Thanks, works like a charm.

Now to keep setting up the rest of the printers in the office -D


we have some historical data from when we used mrtg, is there any way to import that data using rrdtool from the commandline?

Thanks!

balleman

09-06-2004 15:58:34

It should be possible import this data, however we have never written out a procedure for it.

You will want to first create monitors for the files, so that you have a monitor number to reference. You can then rename the rrd file, and use "rrdtool tune" to change the DS name to mon_1234 (or whatever).

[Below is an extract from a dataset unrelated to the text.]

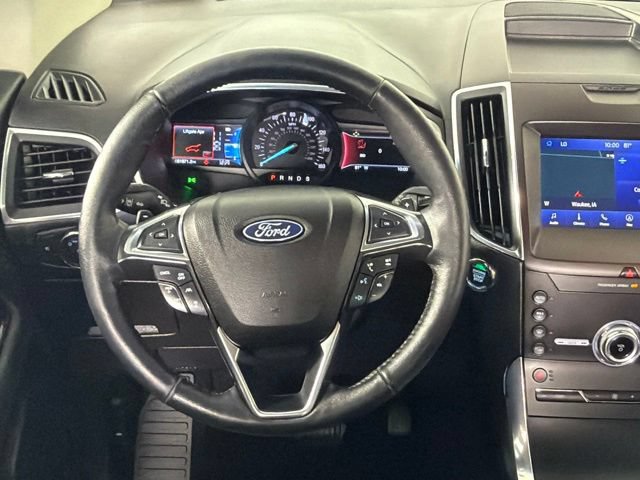 Used 2020 Ford Edge Titanium w/ Class II Trailer Tow Package AWD/4WD image 35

There are a lot of potential issues. NetMRG only supports one DS per RRD file, but other programs (and probably MRTG) use more than one per file. I am not sure if these can be split easily... you might need to "rrdtool dump", split the DSes out of the XML, and then "rrdtool restore" them into separate files. Another issue is that other products will have a different geometry for their RRAs, but rrdtool should be pretty good at hiding that in most cases.

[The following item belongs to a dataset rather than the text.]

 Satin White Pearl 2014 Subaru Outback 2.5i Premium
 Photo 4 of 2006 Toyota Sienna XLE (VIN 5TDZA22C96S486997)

In any case, it is possible, but not trivial. Good luck, and let us know how it comes out if you decide to attempt it.

BryanRagon

09-06-2004 16:51:59

Sure enough did.

[code1c709b54ef7]
rrdtool dump old_data.rrd > old_data.xml
[/code1c709b54ef7]

Sure enough, it recorded two values (in my example, page count, and page count since reboot).. I needed to split them into two different ones, so I did page count first).

There were two <ds> sections, so I removed the second. I also renamed the first one from <name> ds0 </name> to <name> mon_19 </name>.

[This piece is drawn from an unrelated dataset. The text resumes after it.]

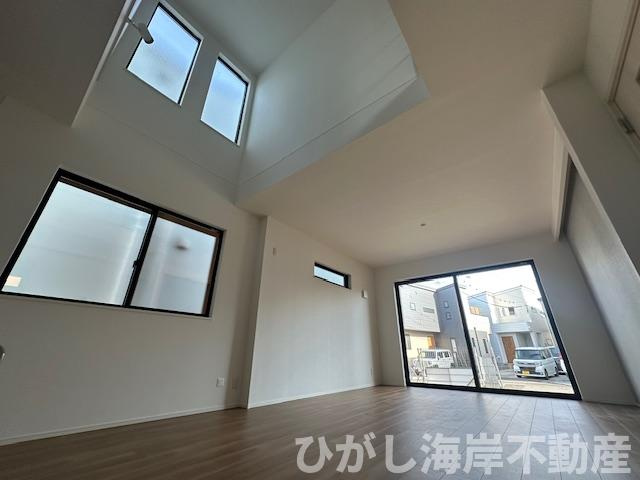 茅ヶ崎市中島　新築戸建　全４棟の居間・リビング|18.2帖　吹抜付LDK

Then down in the <rra><cdp_prep> there were two <ds> tags in there, I removed the second set in each <cdp_prep> in the xml file (there were only 8 so I did it manually).

Then in each of the <database> tags (8 database tags) there were hundres of rows of the form

[code1c709b54ef7]
<!-- 2004-06-06 21:35:00 EDT / 1086572100 --> <row><v> NaN </v><v> NaN </v></row>
[/code1c709b54ef7]

I needed to remove the second <v> tags, so I ran it through the following perl one-liner

[code1c709b54ef7]

perl -p -e 's/<row><v>(.*)<\/v><v>(.*)<\/v><\/row>/<row><v>$1<\/v><\/row>/g' old_data.xml > old_data_next.xml
[/code1c709b54ef7]

Then all I had to do was remove the "original" mon_19.rrd created by netmrg, and do a

[code1c709b54ef7]
rrdtool restore old_data_next.xml /var/lib/netmrg/mon_19.rrd
[/code1c709b54ef7]

Viola.

The only thing I noticed was that netmrg had several <cf> tags, four each of AVERAGE, LAST, and MAX. My rrd from the old program had only AVERAGE and MAX... everything appears to be working, but is it possible to use rrdtune to add the LAST tags? netmrg_gatherer has run several times and not "auto-added" it like I thought it might.